The Affordable Care Act (ACA) created an entirely new marketplace for individual health insurance through three key reforms: a prohibition against charging more for premiums based on subscribers’ health status or risk, providing substantial subsidies for millions of people to purchase individual coverage, and an “exchange” structure that facilitates comparison shopping among insurance plans. In addition, the ACA limits the percentage of premiums insurers can devote to profit and administrative expenses and requires state or federal regulators to evaluate any rate increases requested by insurers.
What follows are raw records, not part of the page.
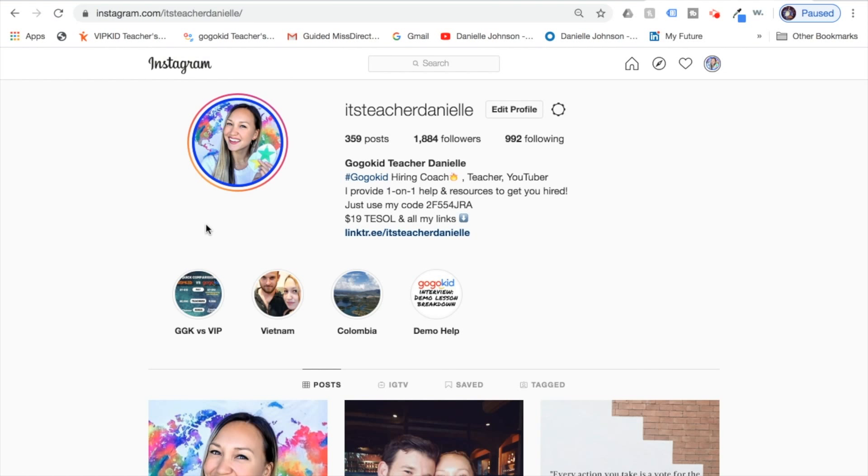I hope this has been helpful for you. If you have any questions, you can always shoot me a comment below or send me an email at itsteacherdanielle@gmail.com. Thanks everybody!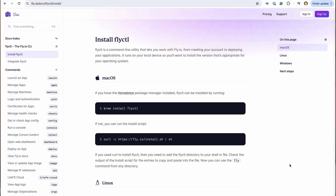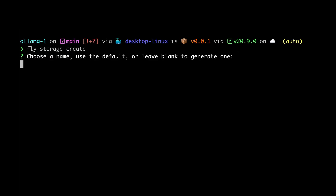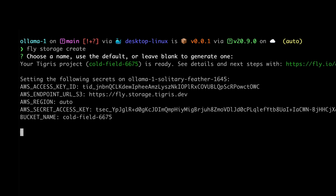Tigris is also crazy easy to set up. Let's try and create a bucket right now. If you haven't already, first you're going to download the Fly.io CLI and then you're going to run the command fly storage create. This command creates your bucket and then provides all of the necessary credentials you need to access it.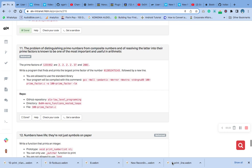Write a program that finds and prints the largest prime factor of the number 612852475143, followed by a new line.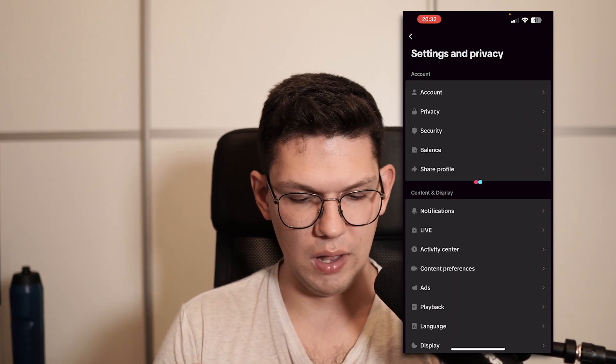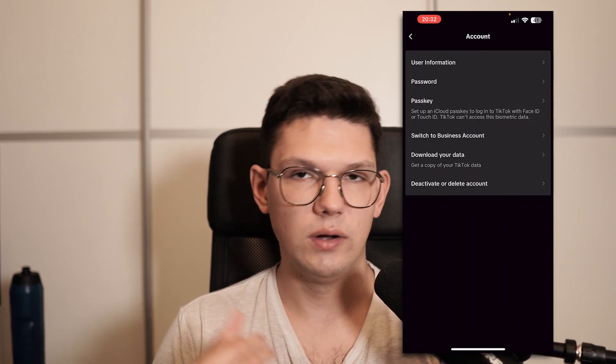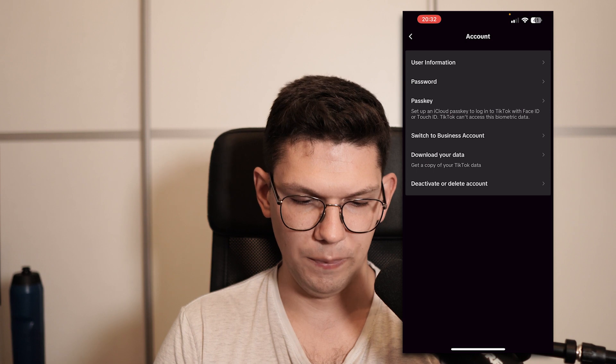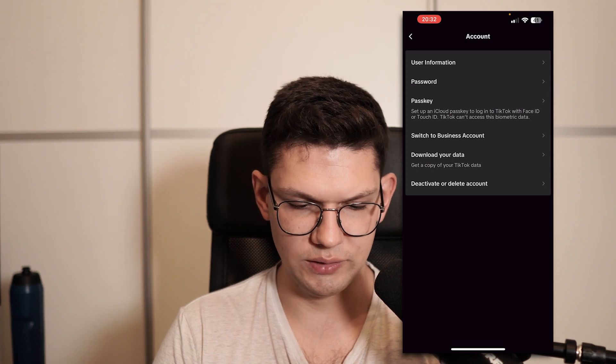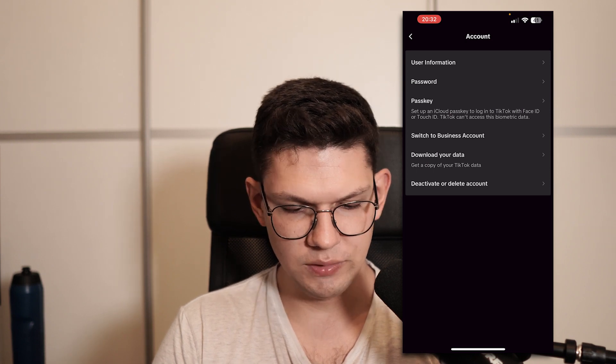From there you want to click on Account. Once it loads up, you want to click on the third option that says Passkey.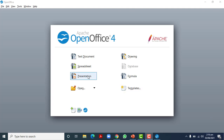Hello everyone. Today we are going to start OpenOffice presentation software. Presentation software is basically meant for a live audience who is going to listen to your presentation — who might be sitting in front of you or might be online listening to you live. The most important thing is that it should be attractive, interesting, and interactive.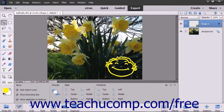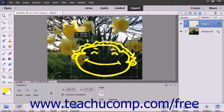For example, if you drew a smiley face as a vector graphic, you have the ability to move, resize, and otherwise change the graphic without changing the quality of the graphic. They are resolution independent, unlike bitmap or raster images.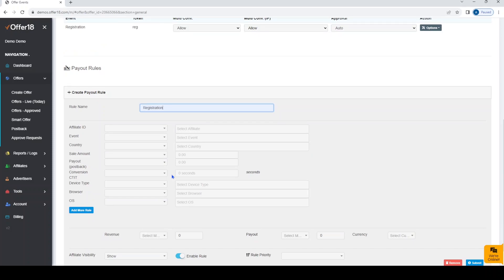Here you can set this rule for different data points such as Affiliate ID, EventWise, Country, etc., and their condition as well.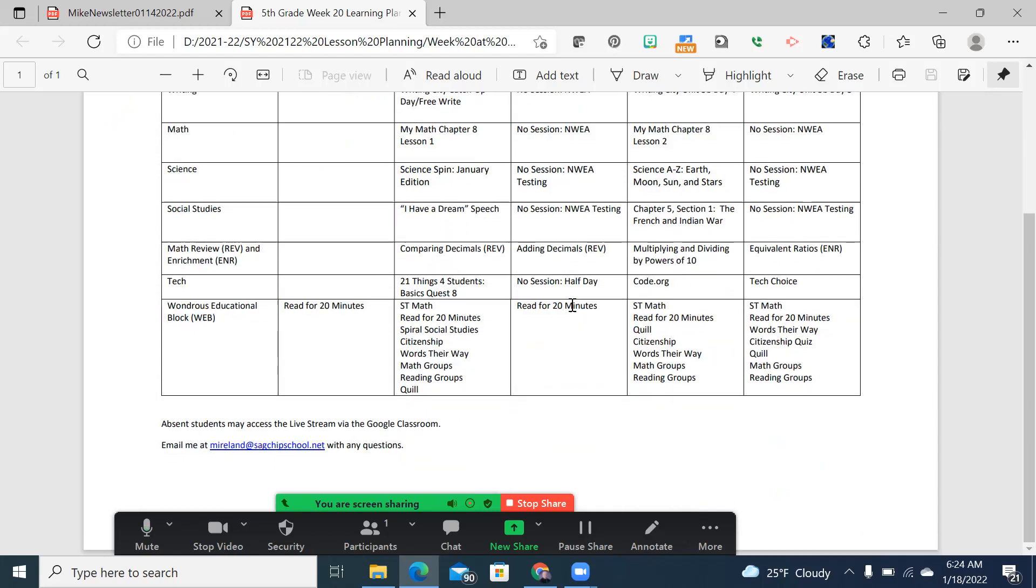And hope to get it all in. Social studies, we're going to look and discuss the I Have a Dream speech today. And then we'll be beginning Chapter 5, the lead up to the revolution.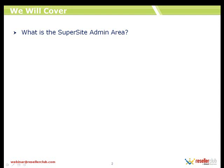I'm going to switch to another window right now. This is what the SuperSite looks like whenever any reseller signs up with us.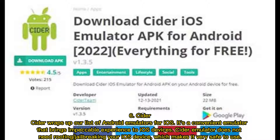6. CIDR. CIDR wraps up our list of Android emulators for iOS. It's a convenient emulator that brings an impeccable experience to iOS devices. The CIDR emulator does not need rooting or jailbreaking your iOS device, which makes it very safe to use.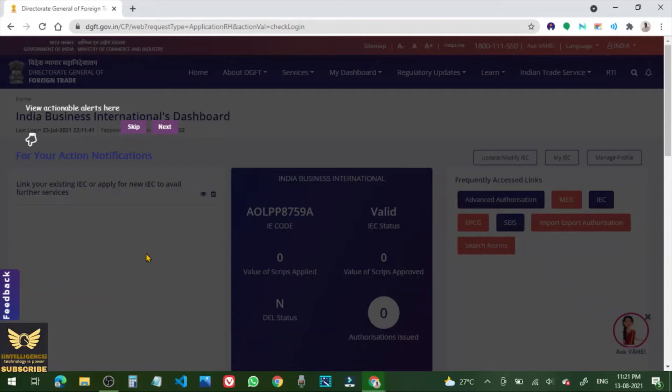So this is the IEC code of my company, India Business International, an export company having Import Export Code. Now the IEC status is valid.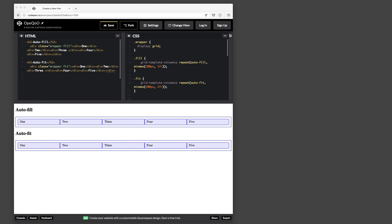All right, so in today's next adventure in CSS grids, I was playing around trying to understand how the whole autofill, autofit thing works.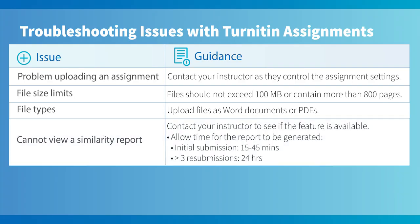If you are having problems viewing your similarity report, it is important to note that your instructor controls whether or not the similarity report is available to view. If the report says pending, please return about an hour after first submitting your assignment. The amount of time this takes can vary depending on the file size or whether it's a busy period.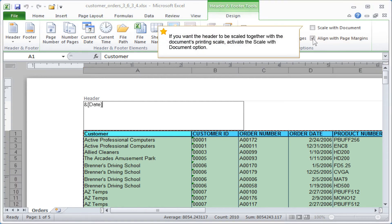If you want the header to be scaled together with the document's printing scale, activate the Scale with Document option.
Because the ACA transformed the market so fundamentally, it is no surprise that the transition was not entirely smooth.1 Because insurers lacked experience with these market conditions, they were uncertain about how to price their products2 and some had significant losses.3 A number of newly established insurers that focused on the individual market went out of business entirely4 and a substantial number of others decided to leave the individual market.5Others, however, appear to be thriving.6

Overall, insurers lost money in the ACA’s individual market in each of the first three years. To date, 2015 has been the worst year, but some insurers did better than others.7 To better understand this varied financial performance, this issue brief analyzes financial data for 2015 reported by insurers from 48 states and D.C. to the Centers for Medicare and Medicaid Services (CMS).8 It is important to analyze marketwide financial performance because the experience in particular states or among specific insurers may not represent conditions generally. Lessons from better-performing parts of the market in the ACA’s most difficult year could help improve areas with worse performance and encourage the adoption of policies that avoid future market turmoil.

We focus on data for “qualified health plans” (QHPs) — that is, products that insurers are certified to sell through the ACA’s “marketplace” exchange. Although insurers also sell QHPs outside the exchanges, premium subsidies are available only for plans sold on the exchanges. Thus, the exchanges account for over three-fourths of QHP sales.9 For insurers to be willing to participate in the exchanges, they must be able to achieve adequate financial results. In turn, their participation is critical to providing coverage and choice to the millions of Americans who are eligible for subsidized insurance.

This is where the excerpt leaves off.